All commands return 404 about locks

All commands return something like:

repository 53232826 opened successfully, password is correct
List(lock) returned error, retrying after 552.330144ms: List failed, server response: 404 Not Found (404)
List(lock) returned error, retrying after 1.080381816s: List failed, server response: 404 Not Found (404)
List(lock) returned error, retrying after 1.31013006s: List failed, server response: 404 Not Found (404)
List(lock) returned error, retrying after 1.582392691s: List failed, server response: 404 Not Found (404)
List(lock) returned error, retrying after 2.340488664s: List failed, server response: 404 Not Found (404)
List(lock) returned error, retrying after 4.506218855s: List failed, server response: 404 Not Found (404)
List(lock) returned error, retrying after 3.221479586s: List failed, server response: 404 Not Found (404)
List(lock) returned error, retrying after 5.608623477s: List failed, server response: 404 Not Found (404)
List(lock) returned error, retrying after 7.649837917s: List failed, server response: 404 Not Found (404)
List(lock) returned error, retrying after 15.394871241s: List failed, server response: 404 Not Found (404)
Fatal: unable to create lock in backend: List failed, server response: 404 Not Found (404)

On the server (running rest-server), all repos are missing the locks directory. I checked a few repos, and all are in this fatal state.

Any advice?

Please always include the complete commands and their output, as well as any relevant environment variables, for the rest-server and restic processes you run. This is standard information when describing a problem like this, otherwise you’re just making other people work harder trying to help you. Please also include the versions for both involved software.

Pardon, didn’t come to mind doing that. Had a short moment of panic.

Almost 5h of debugging later, it seems that this is a fault of zfs, nfs and zfs (also with itself) once again fighting due to reasons not fully determined.

I think I’m able to recover from the state and at this point have a lesser reason to believe rest-server or restic is responsible for the original situation.

rest-server seems to be at fault here. Client can be latest Windows or Linux (0.9.6).

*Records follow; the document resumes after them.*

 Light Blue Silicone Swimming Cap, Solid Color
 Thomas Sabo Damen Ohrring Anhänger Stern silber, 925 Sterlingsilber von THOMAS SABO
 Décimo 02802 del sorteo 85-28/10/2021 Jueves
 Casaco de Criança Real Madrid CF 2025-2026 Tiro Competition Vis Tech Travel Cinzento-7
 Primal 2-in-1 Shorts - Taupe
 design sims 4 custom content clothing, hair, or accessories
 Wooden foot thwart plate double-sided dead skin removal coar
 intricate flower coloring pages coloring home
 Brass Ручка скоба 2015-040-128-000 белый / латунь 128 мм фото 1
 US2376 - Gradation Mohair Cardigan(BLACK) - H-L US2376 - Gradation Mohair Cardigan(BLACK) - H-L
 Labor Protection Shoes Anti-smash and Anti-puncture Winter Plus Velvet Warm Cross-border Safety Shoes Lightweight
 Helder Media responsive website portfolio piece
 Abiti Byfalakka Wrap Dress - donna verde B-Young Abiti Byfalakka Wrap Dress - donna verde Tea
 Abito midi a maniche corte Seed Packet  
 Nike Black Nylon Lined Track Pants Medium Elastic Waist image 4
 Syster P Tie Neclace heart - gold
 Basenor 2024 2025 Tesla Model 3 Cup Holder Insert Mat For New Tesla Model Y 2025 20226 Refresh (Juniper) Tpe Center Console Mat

Running Docker image da93e5693693 of rest-server. At some point the locking issue has settled in. I could effectively fix a repo by going to the server, giving it the crypt password and running a command such as snapshots via a local: repo. After that was ran, everything seemed to work just fine again.

At this time, I have left few repos in this fatal degraded state, if there’s any information to be gained from there. I’ll need to figure out how to get the --debug output tomorrow. Though I would predict there will not be anything useful. Would need to capture this transformation as it happens.

It should be enough to manually restore the locks using mkdir or something similar, just make sure that the owner an permissions match that of the other folders in the repository.

I don’t see how rest-server should delete the locks folder. There aren’t many code lines which could delete something and these seem to refer only to files.

I think I found the fatal problem. By various software, empty directories are often just ignored and not transferred.

Since restic-server was accessing it through nfs (and me, manually as well), the mkdir’s ownership didn’t match up, as such they were probably 404 due to 403 on the filesystem.

I think the best way to go about this is to create an empty file (.keep) in locks with the restic init command.
If this sounds good, I’ll make plans for a MR.

Please be more specific in describing the problem. What does which software attempt to do and what does it see/get instead of what it expects?